### PROMPT
Your task is to transcribe, word for word, the line containing "دکانت عطر ایوسن لورن بلک اوپیوم ادوپرفیوم" and all lines that follow it to the end of the entries. Leave out the pictures.

Brief descriptive captions:
════════
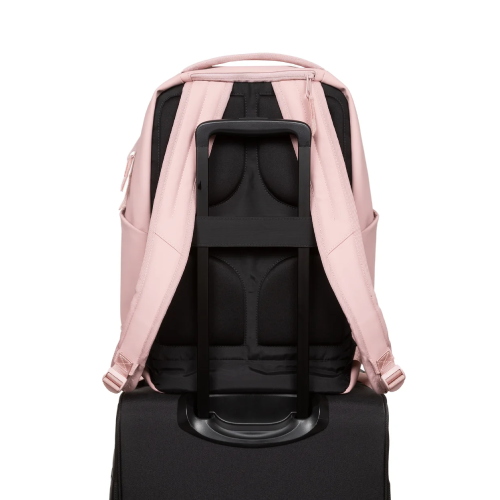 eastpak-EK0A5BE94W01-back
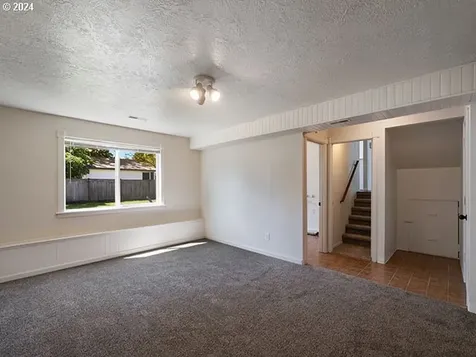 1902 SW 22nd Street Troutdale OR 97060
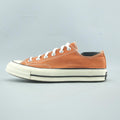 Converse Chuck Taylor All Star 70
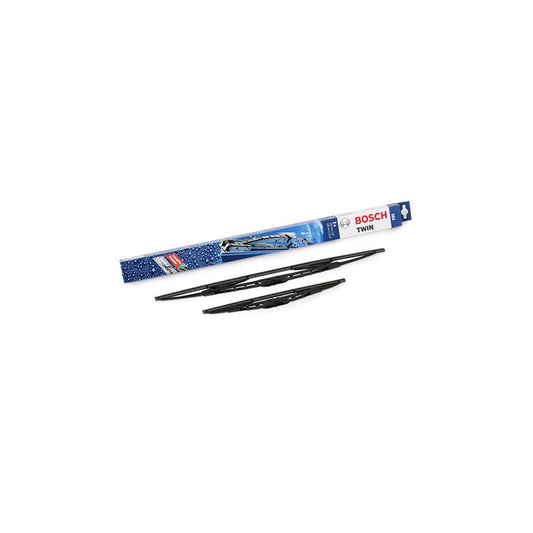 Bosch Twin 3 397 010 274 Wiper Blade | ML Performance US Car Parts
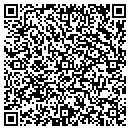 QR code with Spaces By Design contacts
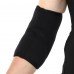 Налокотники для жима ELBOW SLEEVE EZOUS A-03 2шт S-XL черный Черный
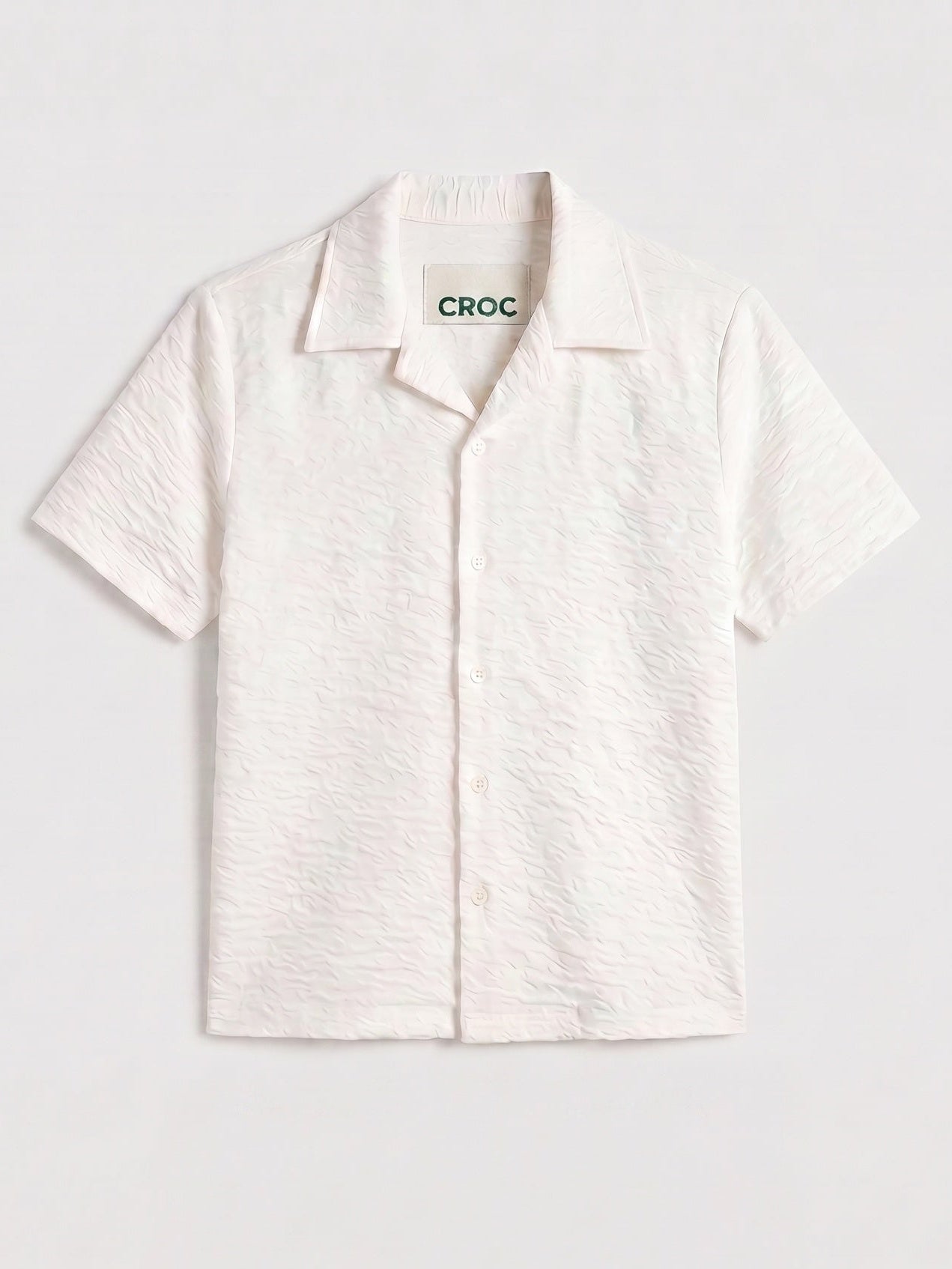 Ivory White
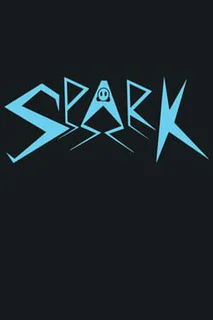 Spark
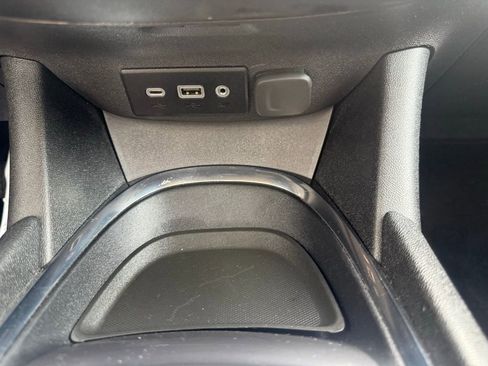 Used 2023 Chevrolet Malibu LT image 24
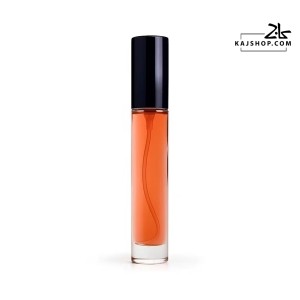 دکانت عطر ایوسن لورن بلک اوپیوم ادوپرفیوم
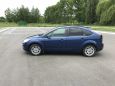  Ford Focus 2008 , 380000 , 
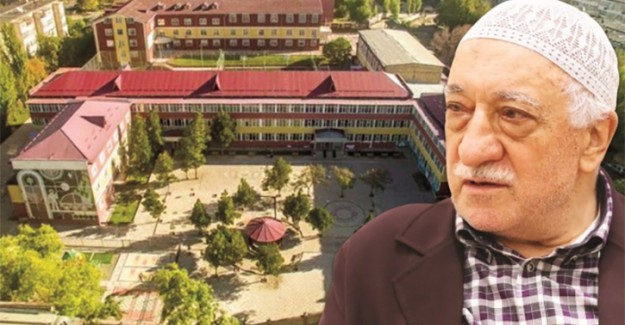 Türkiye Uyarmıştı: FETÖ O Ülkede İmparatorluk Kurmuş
════════
### ANSWER TO THIS TASK
 دکانت عطر ایوسن لورن بلک اوپیوم ادوپرفیوم
  Ford Focus 2008 , 380000 , 
 Türkiye Uyarmıştı: FETÖ O Ülkede İmparatorluk Kurmuş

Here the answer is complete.